You have just described our motorhome! If and when we change it we will be looking for something with a similar layout (having had a u-shaped rear lounge previously). The current van is 23 feet long, we rarely have problems finding somewhere to park it and it handles like a dream. Happy travels


----------



## Jojo (Jun 18, 2012)

*I bought one!*

Thanks all for advice and thought. I realised several things:

I'd need to bring it into London so, if diesel, it would need to be post 2002
I've never driven anything longer than about 14' so was a bit scared
it would need to be as short as possible because parking in London or on my plot or outside my parents' house would be tricky for anything much over 18'
I want the bed to be available permanently, no converting, and I like loft beds so a bed over the cab would work well... if I want a nap I'd rather go to bed than sit in a chair (don't need chairs to swivel)
I want the table to be available permanently and strong enough to hold a sewing machine
I wanted a shower compartment that could be screened off from the WC (I have a wet room at home and everything getting wet isn't my idea of fun)
So I bought a 6 year old diesel Ducato with an ACE La Finca body, with a sturdy table behind the driver and the waterworks at the back. I love it/her! (got to find the right name yet). There are a few minor bumps to the bodywork but otherwise she's fine and liveable for the next year or so.

But...
The leisure battery isn't charged (awaiting delivery of various cables, then I'll know more) and the panel linking it to the engine battery seems to have been wired wrongly. Also, even when there's power I have absolutely no idea how to work anything.

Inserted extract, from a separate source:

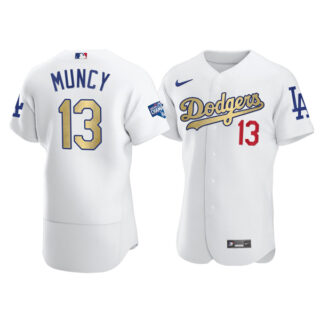 Men's Los Angeles Dodgers #13 Max Muncy Flex Base Jersey Stitched White Gold Program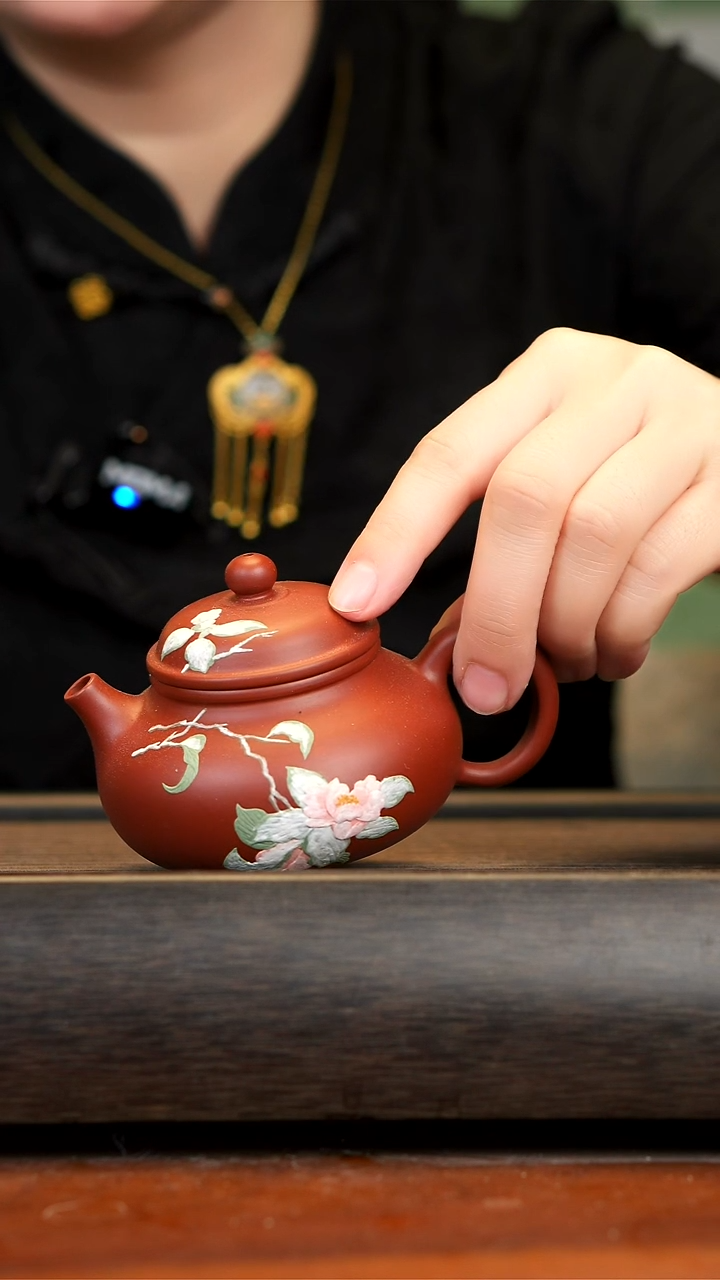 【闪购商品】紫砂茶壶朱泥容天木棉花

So, I'm wondering if there's anyone  who might like to do a couple of hours 'consultancy' showing me the ropes - ideally near East London or, in a few weeks, near Stockport. I could also pop in somewhere along the M1 on my journey north, if someone offered. You would, of course, get paid  ; )

I'll also need GPS to get the POIs, hoping fairytooth will be able to help me choose which one to get, and as many tips as possible on packing the van, what to take, things that will make life easier etc. I may post this again elsewhere with all requests since "but"...

Thanks, everyone!


----------